> RECORD SET:
══════════════════════════════

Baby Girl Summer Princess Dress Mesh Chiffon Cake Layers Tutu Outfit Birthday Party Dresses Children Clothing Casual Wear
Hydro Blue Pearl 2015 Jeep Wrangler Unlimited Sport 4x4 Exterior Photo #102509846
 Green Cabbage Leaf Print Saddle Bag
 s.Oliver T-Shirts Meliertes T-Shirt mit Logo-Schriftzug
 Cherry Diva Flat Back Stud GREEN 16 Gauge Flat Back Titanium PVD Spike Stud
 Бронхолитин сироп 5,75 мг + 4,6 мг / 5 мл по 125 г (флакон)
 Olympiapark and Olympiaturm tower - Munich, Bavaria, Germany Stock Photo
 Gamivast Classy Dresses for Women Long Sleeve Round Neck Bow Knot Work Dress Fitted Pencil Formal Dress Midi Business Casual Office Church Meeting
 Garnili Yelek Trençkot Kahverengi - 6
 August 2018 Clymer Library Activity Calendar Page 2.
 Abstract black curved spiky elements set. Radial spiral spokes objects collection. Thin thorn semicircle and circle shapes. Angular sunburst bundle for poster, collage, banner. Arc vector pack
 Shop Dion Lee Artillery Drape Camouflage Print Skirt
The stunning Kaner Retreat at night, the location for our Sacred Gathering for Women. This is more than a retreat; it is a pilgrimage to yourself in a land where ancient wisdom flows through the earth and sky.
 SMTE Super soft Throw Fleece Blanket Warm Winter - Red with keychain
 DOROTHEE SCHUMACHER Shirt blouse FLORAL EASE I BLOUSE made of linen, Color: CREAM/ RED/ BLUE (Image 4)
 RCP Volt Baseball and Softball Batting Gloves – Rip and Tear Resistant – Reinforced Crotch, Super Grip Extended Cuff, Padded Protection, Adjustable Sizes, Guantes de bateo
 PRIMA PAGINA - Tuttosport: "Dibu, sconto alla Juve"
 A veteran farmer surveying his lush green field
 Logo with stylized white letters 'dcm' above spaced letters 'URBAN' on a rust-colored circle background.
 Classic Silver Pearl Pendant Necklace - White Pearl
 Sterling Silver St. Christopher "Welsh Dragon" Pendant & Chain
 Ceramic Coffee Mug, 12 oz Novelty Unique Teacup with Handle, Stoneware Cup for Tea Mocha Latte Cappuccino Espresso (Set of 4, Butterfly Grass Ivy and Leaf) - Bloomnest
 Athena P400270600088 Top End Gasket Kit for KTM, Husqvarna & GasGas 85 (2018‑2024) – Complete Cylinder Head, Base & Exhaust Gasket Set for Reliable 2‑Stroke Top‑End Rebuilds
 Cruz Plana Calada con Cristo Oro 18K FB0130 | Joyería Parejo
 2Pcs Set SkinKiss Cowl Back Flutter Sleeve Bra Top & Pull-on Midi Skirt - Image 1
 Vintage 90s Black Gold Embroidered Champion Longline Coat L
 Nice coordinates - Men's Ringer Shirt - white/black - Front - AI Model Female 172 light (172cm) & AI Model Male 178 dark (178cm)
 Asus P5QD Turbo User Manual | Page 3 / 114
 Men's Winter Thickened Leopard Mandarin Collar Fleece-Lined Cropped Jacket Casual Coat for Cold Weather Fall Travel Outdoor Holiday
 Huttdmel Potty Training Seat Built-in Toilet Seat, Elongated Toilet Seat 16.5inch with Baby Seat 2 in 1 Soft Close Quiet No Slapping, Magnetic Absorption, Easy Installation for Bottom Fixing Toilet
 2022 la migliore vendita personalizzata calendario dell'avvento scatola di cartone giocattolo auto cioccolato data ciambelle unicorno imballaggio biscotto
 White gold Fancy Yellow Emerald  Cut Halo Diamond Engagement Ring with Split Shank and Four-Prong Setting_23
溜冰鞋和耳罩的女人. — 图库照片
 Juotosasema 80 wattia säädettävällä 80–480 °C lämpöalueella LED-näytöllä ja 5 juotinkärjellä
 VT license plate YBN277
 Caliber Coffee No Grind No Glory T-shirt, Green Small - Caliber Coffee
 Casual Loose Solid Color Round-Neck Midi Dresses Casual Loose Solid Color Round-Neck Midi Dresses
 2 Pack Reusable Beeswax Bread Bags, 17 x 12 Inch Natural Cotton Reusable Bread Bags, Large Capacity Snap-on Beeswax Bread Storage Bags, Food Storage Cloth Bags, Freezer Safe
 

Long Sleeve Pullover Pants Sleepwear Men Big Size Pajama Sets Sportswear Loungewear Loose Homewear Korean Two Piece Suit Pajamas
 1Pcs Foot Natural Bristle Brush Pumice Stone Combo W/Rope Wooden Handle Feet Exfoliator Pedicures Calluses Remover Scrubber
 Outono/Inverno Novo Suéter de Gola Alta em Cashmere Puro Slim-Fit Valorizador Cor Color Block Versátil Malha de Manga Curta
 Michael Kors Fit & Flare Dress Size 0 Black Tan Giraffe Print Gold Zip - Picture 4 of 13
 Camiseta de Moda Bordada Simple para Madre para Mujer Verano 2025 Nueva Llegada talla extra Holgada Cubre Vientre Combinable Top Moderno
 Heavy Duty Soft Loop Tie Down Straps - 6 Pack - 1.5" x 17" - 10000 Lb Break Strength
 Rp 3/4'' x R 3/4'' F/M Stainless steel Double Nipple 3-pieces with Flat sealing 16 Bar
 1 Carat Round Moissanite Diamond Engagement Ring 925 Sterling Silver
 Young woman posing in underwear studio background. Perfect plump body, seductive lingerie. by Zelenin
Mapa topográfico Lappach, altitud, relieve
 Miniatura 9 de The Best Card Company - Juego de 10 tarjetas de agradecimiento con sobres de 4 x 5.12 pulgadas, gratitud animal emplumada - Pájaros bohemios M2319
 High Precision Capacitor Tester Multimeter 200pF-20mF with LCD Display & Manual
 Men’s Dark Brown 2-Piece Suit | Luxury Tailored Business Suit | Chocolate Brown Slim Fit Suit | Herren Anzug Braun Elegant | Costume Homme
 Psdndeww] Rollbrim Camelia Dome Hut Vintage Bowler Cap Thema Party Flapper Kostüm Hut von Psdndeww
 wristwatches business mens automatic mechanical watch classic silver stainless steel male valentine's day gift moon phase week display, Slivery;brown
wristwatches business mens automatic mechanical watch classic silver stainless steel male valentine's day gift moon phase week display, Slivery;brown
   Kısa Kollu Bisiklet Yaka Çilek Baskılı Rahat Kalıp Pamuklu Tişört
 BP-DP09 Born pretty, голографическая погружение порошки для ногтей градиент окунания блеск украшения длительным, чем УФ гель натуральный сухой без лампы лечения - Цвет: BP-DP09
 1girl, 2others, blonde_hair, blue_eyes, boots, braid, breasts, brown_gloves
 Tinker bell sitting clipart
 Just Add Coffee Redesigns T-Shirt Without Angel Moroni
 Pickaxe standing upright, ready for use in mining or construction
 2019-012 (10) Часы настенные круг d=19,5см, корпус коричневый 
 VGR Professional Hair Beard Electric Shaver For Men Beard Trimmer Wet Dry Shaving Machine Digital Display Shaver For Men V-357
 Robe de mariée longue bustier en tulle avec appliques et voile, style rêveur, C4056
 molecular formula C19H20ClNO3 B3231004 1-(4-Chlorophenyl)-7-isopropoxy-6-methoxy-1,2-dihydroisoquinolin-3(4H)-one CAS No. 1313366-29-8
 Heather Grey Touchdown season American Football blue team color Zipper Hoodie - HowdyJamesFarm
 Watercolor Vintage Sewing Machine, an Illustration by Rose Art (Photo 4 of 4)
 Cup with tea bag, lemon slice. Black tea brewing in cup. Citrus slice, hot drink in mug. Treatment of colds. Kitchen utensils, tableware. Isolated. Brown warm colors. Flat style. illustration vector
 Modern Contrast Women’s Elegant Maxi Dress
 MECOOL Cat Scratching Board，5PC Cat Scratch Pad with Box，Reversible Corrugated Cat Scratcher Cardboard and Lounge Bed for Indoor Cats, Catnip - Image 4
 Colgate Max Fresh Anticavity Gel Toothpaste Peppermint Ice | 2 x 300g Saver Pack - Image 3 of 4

══════════════════════════════

> ABOUT THIS TASK: Give back, exactly as written, the stretch from the line with "Long Sleeve Pullover" through the line with "Rp 3/4'' x R", and no other lines from the records above.

> TASK RESULT:
Long Sleeve Pullover Pants Sleepwear Men Big Size Pajama Sets Sportswear Loungewear Loose Homewear Korean Two Piece Suit Pajamas
 1Pcs Foot Natural Bristle Brush Pumice Stone Combo W/Rope Wooden Handle Feet Exfoliator Pedicures Calluses Remover Scrubber
 Outono/Inverno Novo Suéter de Gola Alta em Cashmere Puro Slim-Fit Valorizador Cor Color Block Versátil Malha de Manga Curta
 Michael Kors Fit & Flare Dress Size 0 Black Tan Giraffe Print Gold Zip - Picture 4 of 13
 Camiseta de Moda Bordada Simple para Madre para Mujer Verano 2025 Nueva Llegada talla extra Holgada Cubre Vientre Combinable Top Moderno
 Heavy Duty Soft Loop Tie Down Straps - 6 Pack - 1.5" x 17" - 10000 Lb Break Strength
 Rp 3/4'' x R 3/4'' F/M Stainless steel Double Nipple 3-pieces with Flat sealing 16 Bar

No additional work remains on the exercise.